When working, we depend on our hands and fingers more than any other body parts. Most of workers perform involve hands and fingers to some degree. In this case, injuries to hands and fingers are among the most preventable types.
One of the most familiar ways to protect hands and fingers is the use of gloves. However, simply telling a worker or butcher to wear gloves is an inadequate approach. There are many types of gloves, each with specific properties, so it’s necessary to match the type of glove to the task to be performed. Choosing the wrong types of glove could actually increase the potential for injury.
If workers take gloves, why do so many injuries occur? In some cases, it’s because the worker is using the wrong type of glove for the hazard, or a glove that can’t perform its function properly because of damage. One more, it may be that workers believe the glove to be uncomfortable or interfering with the work.

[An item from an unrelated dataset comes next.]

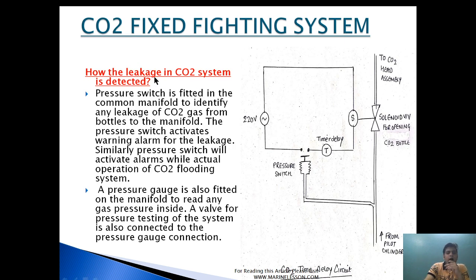How is leakage in the CO2 bottle detected? A pressure switch is fitted in the common manifold to identify any leakage of CO2 gas from the main bottle to the manifold. The pressure switch activates a warning alarm for leakage. Similarly, the pressure switch will activate the alarm during actual operation of the CO2 flooding system. A pressure gauge is also fitted on the manifold to read any gas pressure inside.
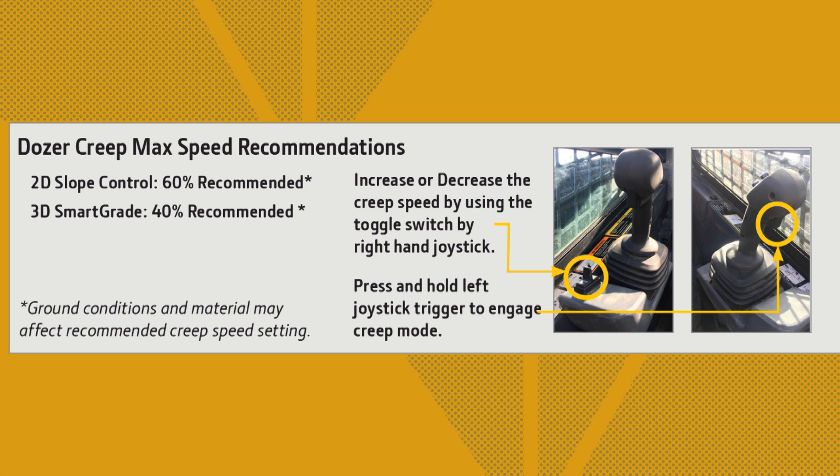To activate creep mode, long press the left trigger or use the right side toggle switch. When creep mode is activated, the snail icon will appear in the EMU along with the creep speed setting percentage. This speed can be adjusted on the fly using the right hand side toggle switch.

That’s why supervisors need to ensure that workers have access to gloves that are comfortable, functional, and provide the proper protection.
What glove is right one for you?
The main part of every safety program is assessing the potential hazards associated with the worksite and the specific task that will be performed.
Heat and cold. For hot work or tasks involving either very cold materials or in cold environments, insulated gloves generally offer the best choice. If the worker will be close to a radiant heat source, an insulated glove made from reflective materials may be needed.
Chemicals. There are many types of gloves that may be suitable for working with chemicals. However, no single type is best for every type of chemical. It’s critical to understand the specific hazards associated with the chemicals and form of those chemicals the workers may encounter. Depending upon the nature of the chemical and the type of potential exposure (whether constant or incidental),stainless steel mesh,rubber, vinyl, neoprene, or other gloves may be the best choice.
Dangerous surfaces. When workers have to handle sharp objects or surfaces that are jagged or rough, cut-resistant gloves made from stainless steel mesh will offer the greatest protection against cuts and punctures. In situations involving particularly sharp materials or cutting tools, workers may best be protected by gloves made from materials such as Kevlar® (which is also used in bulletproof vests).
Electricity. If the work may exposure the worker to electrical hazards such as shock, the best choice will likely be gloves made from insulating rubber materials.
Fire-retardant. If a worker may come in contact with open flame, this type of glove will provide the best protection.
Delicate materials. Sometimes, the purpose of the glove isn’t to protect the workers from the material, but to protect the material from the worker. An example of this is a workpiece that may be affected by oils in the skin. In these situations, gloves made from a soft material such as cotton may be optimal.